Gabriël Sterk est né le 29 novembre 1942 à Vleuten, non loin d’Utrecht, au cœur de la Hollande.

En 1945, la famille Sterk s’installe dans les dépendances du château de Haar, alors propriété du comte et de la comtesse Van Zuylen. En cette période d’après-guerre, chacun tente de réapprendre à vivre ; outre son activité dans ses magasins de textile, le père de Gabriël organise alors de grandioses spectacles en plein air dans le parc du château ; sa propre mère, ballerine à l’école de danse d’Utrecht y participe également. Ces manifestations attirent des milliers de spectateurs qui viennent de toute la province.

C’est dans ce cadre naturel grandiose que le jeune Gabriël va passer ses premières années. Tout y est pour lui source d’émerveillement : les statues de marbre qui jalonnent les allées du parc, les chevaux de selle qu’il peut observer à sa guise dans les écuries du château, les arbres centenaires que les propriétaires ont fait venir tout spécialement de France… Dans ce domaine, il découvre également une terre riche et fertile qu’il va déjà pétrir avec plaisir. Les Allemands qui avaient réquisitionné le château pendant la guerre avaient en effet creusé des tranchées qui, après leur départ, étaient restées comme de grandes cicatrices béantes. Avec cette argile de grande qualité déposée jadis par le Rhin, Gabriël modèle de petites madones qui suscitent déjà l’admiration…

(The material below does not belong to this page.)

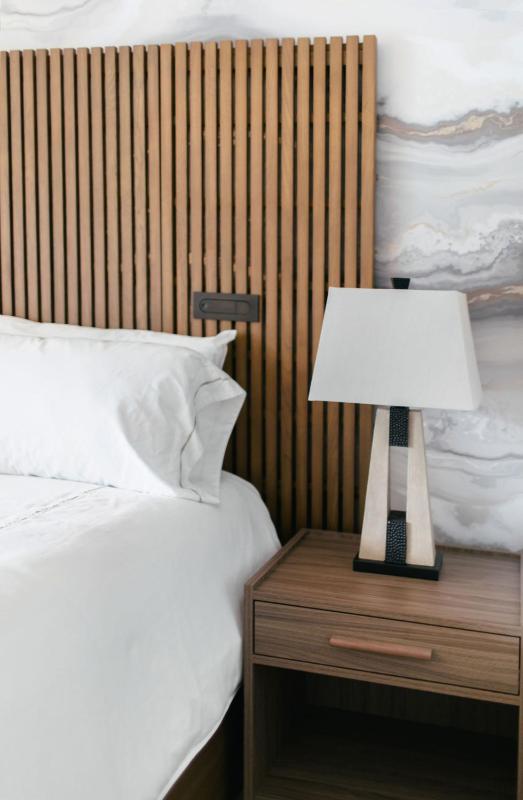 King Room with Mountain View image 3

Enfant turbulent et difficile, Gabriël est envoyé à douze ans au séminaire, sous l’influence de ses grands-parents profondément religieux. Mais, il est plus intéressé par la compagnie des jeunes femmes novices et par l’élevage des lapins qu’il pratiquait avec succès dans la ferme voisine que par les offices qui rythmaient la journée. Les religieux se rendent rapidement à l’évidence : sa vocation est ailleurs. Il est renvoyé au bout d’un an. Conscient du talent du jeune garçon qui vient de réaliser un magnifique chemin de croix à l’encre de Chine, le Supérieur conseille alors à ses parents d’exploiter ses dons. Cette année est déterminante car sa vocation artistique se voit confirmée.

L’oncle paternel de Gabriël, Harrie Sterk, était un peintre reconnu ; les églises étaient remplies de ses fresques et le jeune garçon a ainsi très tôt accès à l’art sacré. Cependant, la vie quotidienne de l’oncle Harrie n’était pas aisée et les parents de Gabriël n’encourageaient guère leur fils à suivre la même voie. A quatorze ans, il entre dans une école à Utrecht mais ses études sont interrompues par la décision de ses parents d’émigrer en Australie.

En avril 1958, le jeune Gabriël, après un long périple en bateau se retrouve à l’autre bout du monde à Adélaïde, en Australie du Sud.

La flore et la faune, si différentes de celles de son pays natal exercent sur lui une incroyable fascination, mais l’adaptation est difficile et le changement de langue bouleverse son cursus scolaire. Il s’isole alors et commence à peindre. A quinze ans, il exécute un Autoportrait au violon qui lui vaut un premier prix de peinture. Après avoir découvert le jeune âge du candidat, le jury décide de lui offrir des cours du soir à l’Ecole des Beaux-Arts d’Adélaïde. C’est là qu’il rencontre Dora Chapman, peintre de renom et professeur hors pair dont il suivra les cours avec passion. Elle lui conseille de repartir au plus vite pour l’Europe afin d’exploiter son talent.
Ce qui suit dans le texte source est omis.